How To Go From Content Curator To Closer

How To Go From Content Curator To Closer

Forget Glengarry Glen Ross. Today’s salespeople would be wise to heed the new ABC’s of selling — Always Be Curating.

What do you do when the customer knows more about the competition than you?

Fact: 24/7/365 access to information has radically changed the way customers and prospects identify vendors and purchase products. They can learn just about everything about you and your competitors online — content produced both by you and about you. But finding and analyzing the most relevant information isn’t always so easy.

As Daniel Pink so astutely points out in his book, To Sell Is Human, the information asymmetry salespeople used to leverage is gone or fading fast.

“When buyers can know more than sellers, sellers are no longer protectors and purveyors of information.

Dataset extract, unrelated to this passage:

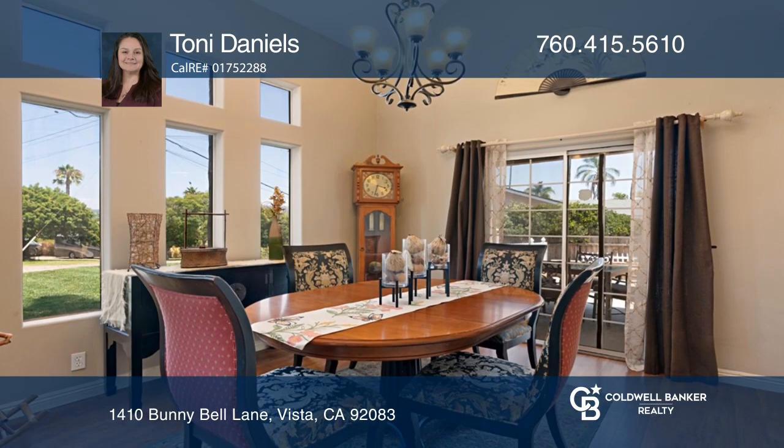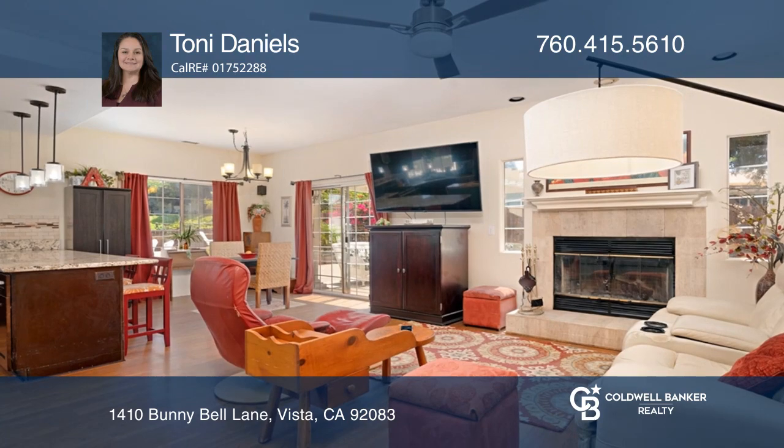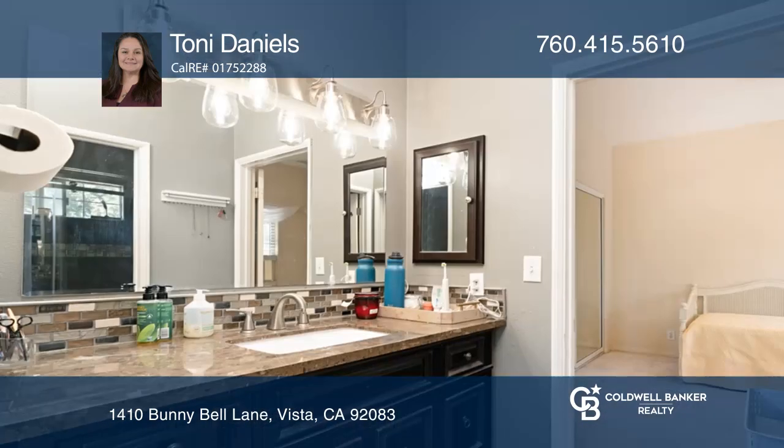An open floor plan boasts natural lighting and vaulted ceilings throughout the home. The kitchen and bathrooms have all been beautifully updated. Relax in the fabulous outside entertaining areas with plenty of space for you to bring your own ideas.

They’re curators and clarifiers of it — helping to make sense of the blizzard of facts, data, and options.”

sales curatingIn today’s world of information parity and digital distraction, salespeople who win are the ones who add value to the sales process by helping their prospects filter out the noise and understand what they should focus on to do their job more effectively. You need to become the best curator of information to stay one step ahead of the competition. Here are three pieces of advice to guide you down the path of curating your way to closing the deal.

1. Know which features to demo and which ones NOT to show.

Reality check: Showing your prospect EVERY feature “just in case” is like throwing spaghetti on a wall. It’s not enough to hope that something sticks. Play it smart and show only what’s relevant to the organization as well as the individual(s) you’re presenting to.

2. Find articles that your prospects will benefit from and send those along unsolicited – no ask attached.

Being a good curator of information means working smart and digging in deeper than your competition is willing to go in order to provide value. Do your homework and stay on top of your prospects’ business, their competition, and their industry.

  • Check (and recheck) the company blog for relevant updates and news items.
  • Set Google alerts to monitor media mentions of the company’s chief stakeholders, products, competitors, and related industry terms.

Find out when the emails you send are being opened — so you know when you’re top-of-mind. 

3. Make every interaction meaningful.

We’ve said it before and we’ll say it again: Don’t call or email if you don’t have anything new or valuable to say. Make sure that every interaction with a prospect is a meaningful one. That way, you in essence train your prospects to pay attention and to open and read emails that you send. Don’t encourage them to ignore or delete your messages because they are of inconsistent or no value to them.

In the end, it all boils down to empathy.

Success comes from putting yourself in your prospect’s shoes, going the extra mile, and helping them make sense of the information that’s relevant to their success. I recently saw this firsthand, when there was a deal in the pipeline that was stalled. The sales rep asked that I contact the VP/Decision Maker directly to see if I could help move the deal along. We spent sixty minutes on the phone together discussing best practices and go-to-market strategies relevant to his business. Not a single feature was mentioned and price wasn’t discussed. Guess what: The deal closed.